### Work required:
From the listing below, set down exactly the lines between the one holding "Y2K Vintage Black Mini Skirt / 30 Waist" and the one holding "LMP Oasis Hotel", inclusive. No other line is wanted.

### Information provided:
'''
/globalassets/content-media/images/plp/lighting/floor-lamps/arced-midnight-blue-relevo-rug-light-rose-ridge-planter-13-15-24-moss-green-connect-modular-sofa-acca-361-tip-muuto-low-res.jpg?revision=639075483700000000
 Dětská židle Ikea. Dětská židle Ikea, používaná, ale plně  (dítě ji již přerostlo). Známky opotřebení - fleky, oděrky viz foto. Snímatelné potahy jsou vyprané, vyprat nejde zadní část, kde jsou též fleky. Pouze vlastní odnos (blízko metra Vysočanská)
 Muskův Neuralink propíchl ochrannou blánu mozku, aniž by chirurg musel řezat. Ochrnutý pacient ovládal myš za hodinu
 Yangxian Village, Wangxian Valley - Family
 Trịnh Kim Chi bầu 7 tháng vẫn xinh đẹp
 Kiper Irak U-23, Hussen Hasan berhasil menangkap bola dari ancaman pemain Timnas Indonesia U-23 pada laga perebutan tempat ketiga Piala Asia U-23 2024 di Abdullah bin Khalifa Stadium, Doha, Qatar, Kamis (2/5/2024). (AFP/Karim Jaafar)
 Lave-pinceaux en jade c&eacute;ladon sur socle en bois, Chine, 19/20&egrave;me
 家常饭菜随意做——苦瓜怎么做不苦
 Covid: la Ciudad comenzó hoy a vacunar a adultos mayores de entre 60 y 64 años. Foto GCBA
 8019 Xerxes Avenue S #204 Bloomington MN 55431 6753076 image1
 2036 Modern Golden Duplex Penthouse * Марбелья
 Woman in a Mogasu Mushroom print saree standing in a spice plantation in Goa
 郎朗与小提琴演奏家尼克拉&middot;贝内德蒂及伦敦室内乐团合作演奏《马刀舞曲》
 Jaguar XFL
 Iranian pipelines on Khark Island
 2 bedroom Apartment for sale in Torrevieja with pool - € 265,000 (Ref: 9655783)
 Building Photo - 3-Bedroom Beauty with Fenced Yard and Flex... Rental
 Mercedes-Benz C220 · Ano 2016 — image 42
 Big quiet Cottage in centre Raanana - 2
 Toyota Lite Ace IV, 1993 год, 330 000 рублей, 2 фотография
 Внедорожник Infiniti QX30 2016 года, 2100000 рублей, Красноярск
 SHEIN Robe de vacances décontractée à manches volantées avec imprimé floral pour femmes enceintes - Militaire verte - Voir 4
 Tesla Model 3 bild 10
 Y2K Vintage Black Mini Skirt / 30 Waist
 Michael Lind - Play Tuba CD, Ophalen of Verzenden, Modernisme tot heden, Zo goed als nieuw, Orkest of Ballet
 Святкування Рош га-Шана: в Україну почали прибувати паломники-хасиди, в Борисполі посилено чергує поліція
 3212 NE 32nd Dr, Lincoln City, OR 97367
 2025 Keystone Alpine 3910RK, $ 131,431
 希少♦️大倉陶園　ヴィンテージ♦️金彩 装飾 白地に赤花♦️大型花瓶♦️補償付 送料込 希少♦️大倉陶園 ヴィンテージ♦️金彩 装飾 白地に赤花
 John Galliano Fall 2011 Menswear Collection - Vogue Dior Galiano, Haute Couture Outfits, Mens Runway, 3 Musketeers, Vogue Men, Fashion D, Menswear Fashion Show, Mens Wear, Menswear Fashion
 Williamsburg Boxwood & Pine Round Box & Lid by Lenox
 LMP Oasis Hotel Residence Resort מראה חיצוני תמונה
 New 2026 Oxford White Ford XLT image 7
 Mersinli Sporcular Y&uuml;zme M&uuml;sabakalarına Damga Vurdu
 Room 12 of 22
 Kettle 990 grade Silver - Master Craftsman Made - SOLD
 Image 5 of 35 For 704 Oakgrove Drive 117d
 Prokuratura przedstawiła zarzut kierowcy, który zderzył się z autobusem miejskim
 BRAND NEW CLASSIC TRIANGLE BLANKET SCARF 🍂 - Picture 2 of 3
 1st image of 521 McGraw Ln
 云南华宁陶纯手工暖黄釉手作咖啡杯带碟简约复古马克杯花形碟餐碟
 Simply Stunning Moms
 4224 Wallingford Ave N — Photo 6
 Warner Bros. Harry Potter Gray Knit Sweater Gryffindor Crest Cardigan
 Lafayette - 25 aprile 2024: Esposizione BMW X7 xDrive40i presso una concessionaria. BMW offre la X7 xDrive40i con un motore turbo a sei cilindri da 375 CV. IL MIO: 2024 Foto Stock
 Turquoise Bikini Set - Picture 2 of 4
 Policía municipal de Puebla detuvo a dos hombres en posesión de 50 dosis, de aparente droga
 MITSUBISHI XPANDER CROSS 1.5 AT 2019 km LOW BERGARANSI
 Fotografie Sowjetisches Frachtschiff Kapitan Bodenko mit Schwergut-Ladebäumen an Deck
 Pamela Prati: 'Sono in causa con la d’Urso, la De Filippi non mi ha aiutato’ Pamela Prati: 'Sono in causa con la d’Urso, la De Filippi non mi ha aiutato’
'''
### Written solution:
 Y2K Vintage Black Mini Skirt / 30 Waist
 Michael Lind - Play Tuba CD, Ophalen of Verzenden, Modernisme tot heden, Zo goed als nieuw, Orkest of Ballet
 Святкування Рош га-Шана: в Україну почали прибувати паломники-хасиди, в Борисполі посилено чергує поліція
 3212 NE 32nd Dr, Lincoln City, OR 97367
 2025 Keystone Alpine 3910RK, $ 131,431
 希少♦️大倉陶園　ヴィンテージ♦️金彩 装飾 白地に赤花♦️大型花瓶♦️補償付 送料込 希少♦️大倉陶園 ヴィンテージ♦️金彩 装飾 白地に赤花
 John Galliano Fall 2011 Menswear Collection - Vogue Dior Galiano, Haute Couture Outfits, Mens Runway, 3 Musketeers, Vogue Men, Fashion D, Menswear Fashion Show, Mens Wear, Menswear Fashion
 Williamsburg Boxwood & Pine Round Box & Lid by Lenox
 LMP Oasis Hotel Residence Resort מראה חיצוני תמונה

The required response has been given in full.